Problem statement:
Copy verbatim the block of lines in the entries below whose first line contains "Leucadia Pizzeria & Italian Restaurant" and whose last line contains "CD/NLA Show Vegas 2026". Leave out all other lines.

Entries provided:
☆ ☆ ☆ ☆ ☆

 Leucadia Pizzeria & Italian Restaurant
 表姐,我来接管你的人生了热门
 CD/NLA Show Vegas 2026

☆ ☆ ☆ ☆ ☆

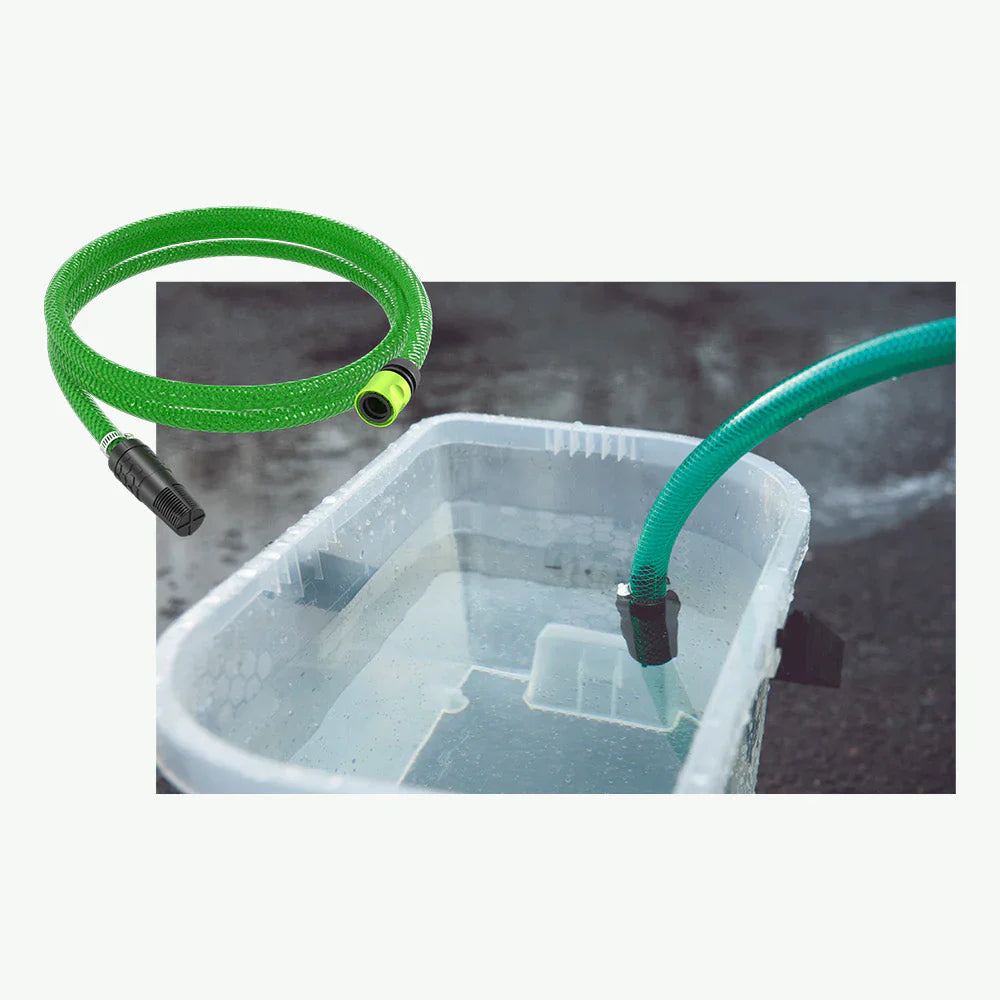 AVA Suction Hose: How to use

☆ ☆ ☆ ☆ ☆

Response:
 Leucadia Pizzeria & Italian Restaurant
 表姐,我来接管你的人生了热门
 CD/NLA Show Vegas 2026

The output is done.